Now that I am a mother, I discovered how easier it had been to unlock mysteries behind unsolved crimes than to decode the messages written through notes tucked by my daughter in one of her books or in one of my personal journals.
Ten years. My daughter, Icelle Reine, is now ten years old. Lying down on one of the sofa beds of our office, I have hardly noticed how she has grown taller. When I started working for the company way back 2011 as a Virtual Medical Assistant, Icelle would insist going with me so she could spend the night near me while I work. That time, the old office had an empty desk she has found to be convenient for a bed to sleep on. Looking at my daughter now, I couldn’t agree more with our neighbors’ observations how she has grown to become so much like me: mannerisms, facial features, choice of clothes, and more importantly, her love for reading.
I felt a slight pinch on my chest when I witnessed her beaming at the sight of the Harry Potter book I bought her last week. So, this is how it feels like to be a mother. I know my husband and I are willing to work hard to give her all the things she needs and wants, but after having read her notes, I felt I had fallen short of her expectations.
This Saturday, I would have wanted to go on an out-of-town trip with my office buddies, Benjamin and Kean. I’m sure, Icelle could have heard our conversation last night while she was “asleep”. She seems to be so quiet this morning, observing me each time I reach for my phone. I couldn’t bear the way she looks at me anymore. It’s time to text Benjamin that I cannot join him and Kean.
Honestly, I would most of the time find myself caught in a dilemma. Whenever Benjamin and Kean invite me, I would want to bring my daughter along. And I did, several times. It’s just that I feel there are certain trips where children her age should not join adults like us. Some trips require rides which are quite dangerous that I feel she would be safer at home. Or is it really her safety that I am concerned about? Sometimes, I feel I deserve some time for myself – just my friends and I.

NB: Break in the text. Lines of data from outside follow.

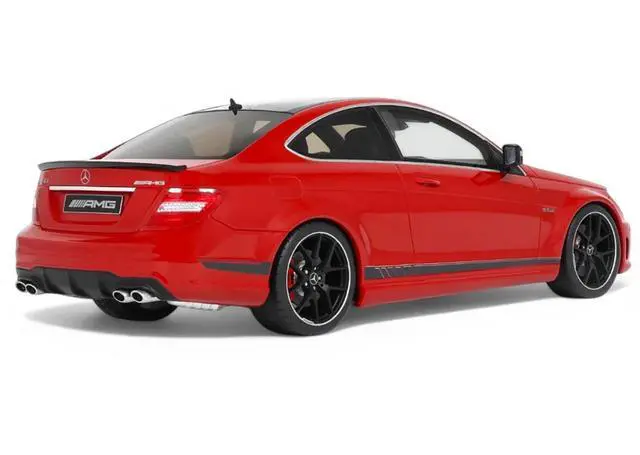 Alt view image 5 of 6 - 2014 Mercedes-Benz C63 AMG Red with Black Top 1/18 Model Car by GT Spirit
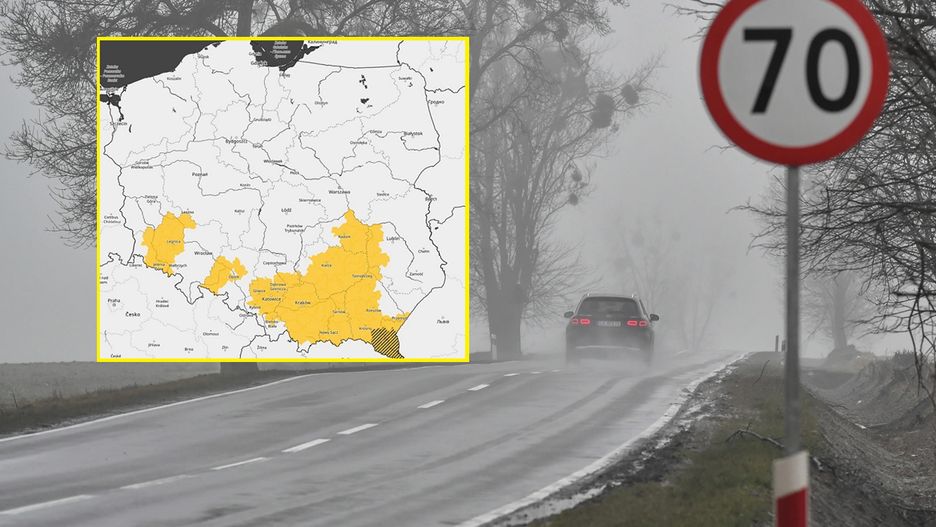 Zrobi się niebezpiecznie. IMGW ostrzega przed gęstą mgłą
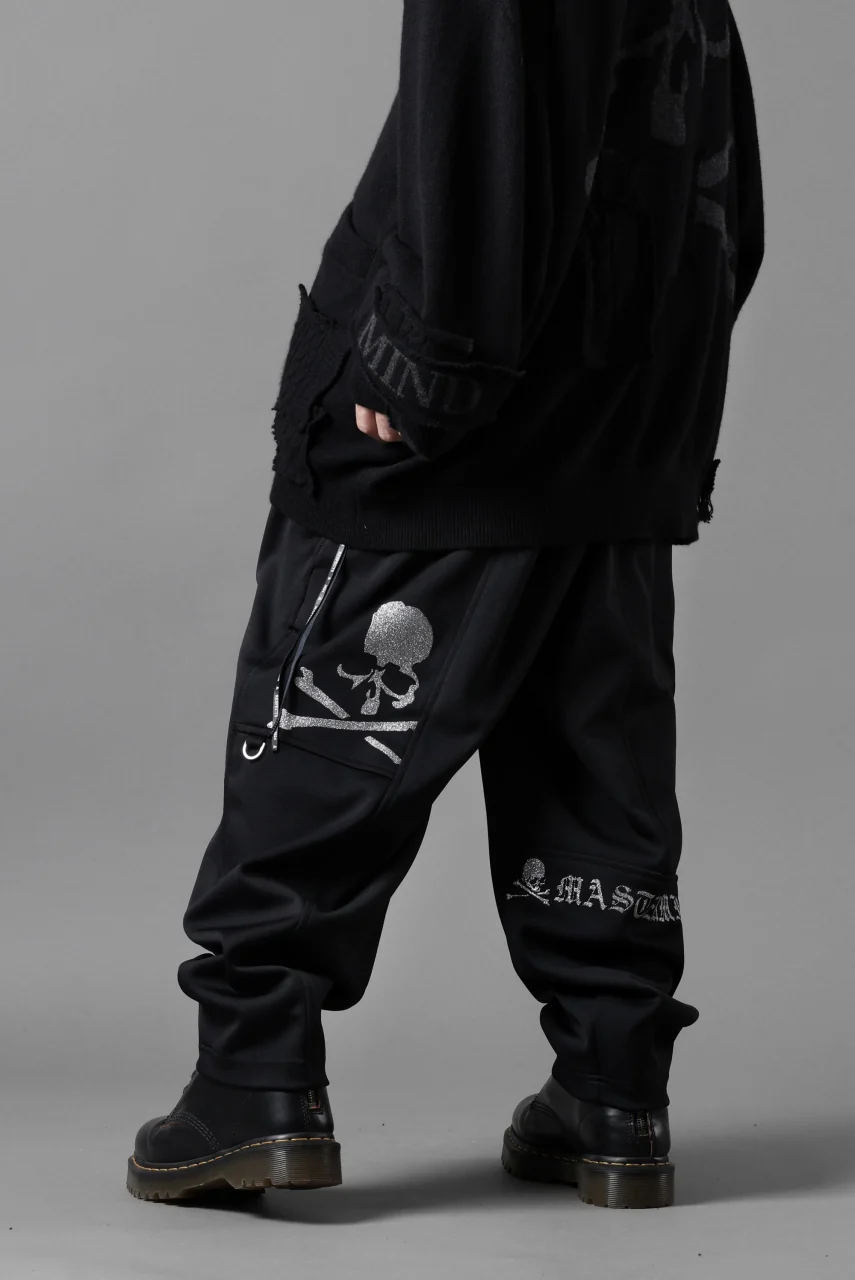 mastermind JAPAN WIDE FIT TROUSERS / HIGH END STRETCH JERSEY (BLACK) - Image 22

My thoughts would always drift back to the notes my daughter would tuck inside the seemingly inconspicuous places inside our home. I even wonder if she has read my personal journal for she had inserted one of her notes there. On one note, she wrote that she would want to have more time spent with me, and she loves my current job and also sees herself working in an office like ours.
This Saturday then has to be different. I may be groggy after an eight-hour shift, but I will be fixing breakfast for the two of us. Sunny side up eggs, just like how my mother had prepared my breakfast while I was still in Hong Kong. I notice how we only have enough left for the weekend upon opening the refrigerator.
At a time like this, I miss Jay-r – my husband. This almost empty refrigerator would not be in its current state if he still lives with us. But things have changed since he left. When I think about it, a lot has changed when Icelle came. A lot more has changed when Jay-r decided to work abroad.